The “Mamasapano raid” exemplified bad governance on three counts. First, the President refused to take responsibility for an operation he had ordered, violating a basic tenet of presidential leadership. Second, he illegally gave command of the operation to a crony in the leadership of the national police who had been suspended on charges of corruption by the country’s Ombudsman. Third, he ordered a mission reflecting American priorities, not those of the Philippines – knowing that a mishap would undermine crucial peace negotiations. In the name of good governance, I demanded that the President take full responsibility for the fiasco and reveal all dimensions of the raid, especially the role of the United States.

As the administration’s crisis of authority mounted, I asked Akbayan to push for reform. With the President in a weakened moral position, I argued, we should pressure him not only to accept responsibility for the tragic raid, but also to dismiss corrupt, inept, and reckless officials, reinvigorating the tattered good governance program. The party leadership refused.

Unable to support a President who refused to take responsibility for the tragedy and who continued to shelter corrupt and inept cronies, my resignation as Akbayan’s representative in the House of Representatives was inevitable. Convinced as I was that the party leadership was wrong, I also realized I could no longer serve as the party’s representative if I could not agree with a basic party position, such as its continuing support for the President. No one personally asked me to resign, but the party’s code of conduct was clear: I resigned on March 19, 2015.

Key Lessons
Through this narrative, I have highlighted the lessons I draw from the pursuit of three advocacies: reproductive health, agrarian reform, and good governance.

The reproductive health struggle illustrates the way cultural issues provide an arena where the progressive agenda can be advanced through careful alliance-building and discursive strategies. In the fight for family planning, the pro-reproductive health forces were able to create splits in the upper and middle classes, by replacing the narrative of population control with a discourse on women’s reproductive rights, creating space for the passage of the law in spite of fanatical opposition.

The agrarian reform experience reminds us how difficult it is to win direct assaults on the structures of inequality in a non-revolutionary political climate. Although progressive forces managed to forge powerful legislation, the structures of agrarian inequality remain strong, owing to a combination of presidential neglect, bureaucratic timidity, and landlord resistance.

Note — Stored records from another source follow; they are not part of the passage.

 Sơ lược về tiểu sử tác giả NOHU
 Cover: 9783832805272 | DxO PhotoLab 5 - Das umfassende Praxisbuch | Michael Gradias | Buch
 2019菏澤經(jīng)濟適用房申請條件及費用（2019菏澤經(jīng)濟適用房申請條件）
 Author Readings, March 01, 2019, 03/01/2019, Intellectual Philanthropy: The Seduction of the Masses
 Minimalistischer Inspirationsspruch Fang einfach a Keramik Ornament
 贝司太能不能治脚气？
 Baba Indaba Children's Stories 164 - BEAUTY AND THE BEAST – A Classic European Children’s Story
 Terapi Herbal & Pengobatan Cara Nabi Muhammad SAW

The third example, the struggle for good governance, offers a trove of lessons, though it exacted painful personal and political consequences. One lesson is that coalitions are dynamic: in this case, an alliance for reform may have evolved into something different. A second is that a progressive party must continually assess its participation in coalitions. Any party has interests – including administrative positions or influence within a coalition – but at times, those interests may conflict with fundamental values. At such critical junctures, a party of the left must ensure that values prevail if it is to maintain its integrity.

A third lesson: on occasion, serious differences of opinion may emerge between parties and their parliamentary representatives. At such points, progressives must follow their conscience, even if it means opposing the leadership of their own party. Being a progressive means envisioning a society organized around equality, justice, solidarity, and sovereignty – and having a political program to realize this vision. But it also means projecting an ethical, moral stance. Perhaps the distinguishing mark of true progressives holding public office is their ethical behavior. For me, being a progressive in the corridors of power means, above all, holding onto one’s principles and values, even if this means losing one’s position, possessions, or life.